I think out of sheer inertia I also re-added it to the 2.5 tree.
Probably shouldn't have.
Does anyone have a reason why acpismp=force should be in 2.5/6? If not
I'll go ahead and zap it (again), and everyone should just be aware that
this is another way that 2.4 and 2.5 differ.
Regards -- Andy
"Grover, Andrew" <[email protected]> wrote:
>
> Does anyone have a reason why acpismp=force should be in 2.5/6?
I can't think of one.
> If not I'll go ahead and zap it (again)
zap away. Dave Jones is maintaining a "stuff which changed" document.
Please send him a paragraph.
On Mon, 2003-06-23 at 09:43, Grover, Andrew wrote:
> > From: Andrew Morton [mailto:[email protected]]
> > > ACPI: make it so acpismp=force works (reported by Andrew Morton)
>
> > But prior to 2.5.72, CPU enumeration worked fine without
> > acpismp=force.
> > Now it is required. How come?
>
> (I'm taking the liberty to update the subject, which I accidentally left
> blank)
>
> Because 2.4 has that behavior. One objection that people raised to
> applying the 2.4 ACPI patch was that it changed that behavior. So I made
> an effort to keep it there.
in 2.4 it is absolutely not mantadory; it's default actually if the cpu
advertises the "ht" flag.....
On Mon, 23 Jun 2003, Arjan van de Ven wrote:
> On Mon, 2003-06-23 at 09:43, Grover, Andrew wrote:
> > > From: Andrew Morton [mailto:[email protected]]
> > > > ACPI: make it so acpismp=force works (reported by Andrew Morton)
> >
> > > But prior to 2.5.72, CPU enumeration worked fine without
> > > acpismp=force.
> > > Now it is required. How come?
> >
> > (I'm taking the liberty to update the subject, which I accidentally left
> > blank)
> >
> > Because 2.4 has that behavior. One objection that people raised to
> > applying the 2.4 ACPI patch was that it changed that behavior. So I made
> > an effort to keep it there.
>
> in 2.4 it is absolutely not mantadory; it's default actually if the cpu
> advertises the "ht" flag.....
Right, enabling HT hasn't relied on "acpismp=force" since 2.4.18.
Requiring "acpismp=force" now in 2.4 or 2.5 is just a step backwards.
But when we changed to HT by default, I added bootparam "noht" to
disable it if it was found troublesome. Last time I checked, "noht"
was ineffectual on 2.5, and perhaps now it's ineffectual on 2.4.22-pre?

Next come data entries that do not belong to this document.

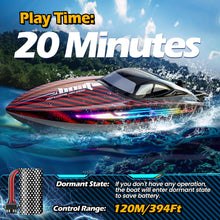 Load image into Gallery viewer, RC Boat 30KMH with 7Light Modes, Remote Control Electric Fast Speed Boat for Adults Kids 8-12 Lake Pool Water Play, Self-righting, Red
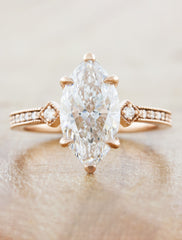 caption:2.25ct marquise diamond in 14k rose gold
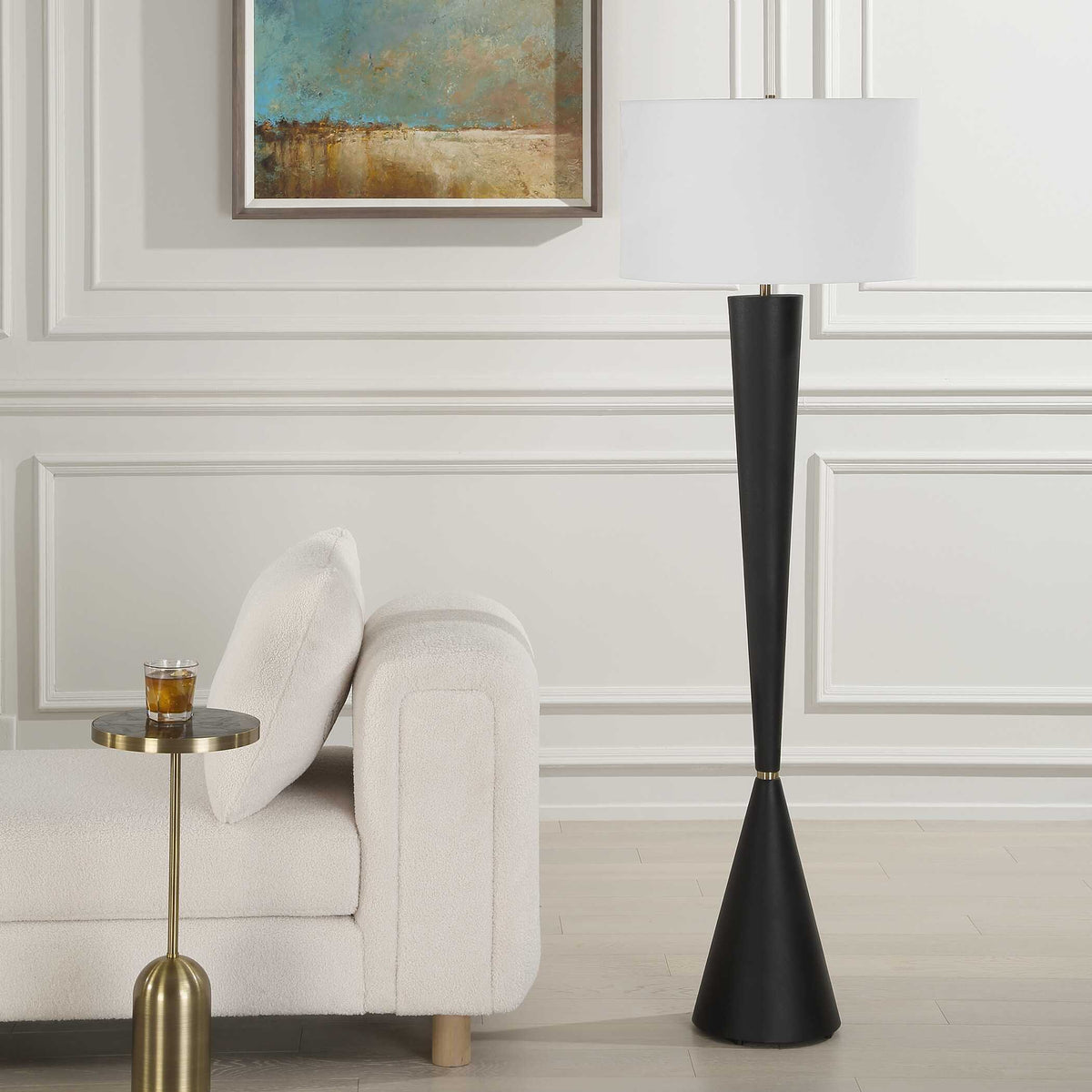Layla Black Tapered Floor Lamp by Uttermost - View 3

(If I remember right, in 2.5 it did have one effect, determining whether
the "ht" flag is shown in /proc/cpuinfo: but it was intended to be more
useful than that.)
Certainly reliance on "acpismp=force" should be removed if it's crept
back in. But what should we do about "noht"? Wave a fond goodbye,
and remove it's associated code and Documentation from 2.4 and 2.5
trees, rely on changing the BIOS setting instead? Or bring it back
into action?
Hugh
On Mon, Jun 23, 2003 at 12:46:38PM +0100, Hugh Dickins wrote:
> Certainly reliance on "acpismp=force" should be removed if it's crept
> back in. But what should we do about "noht"? Wave a fond goodbye,
> and remove it's associated code and Documentation from 2.4 and 2.5
> trees, rely on changing the BIOS setting instead? Or bring it back
> into action?
for 2.4 it's no problem to honor it really code wise; and it's
useful for machines where you can't disable HT in the bios but where
your particular workload doesn't positively benefit from HT.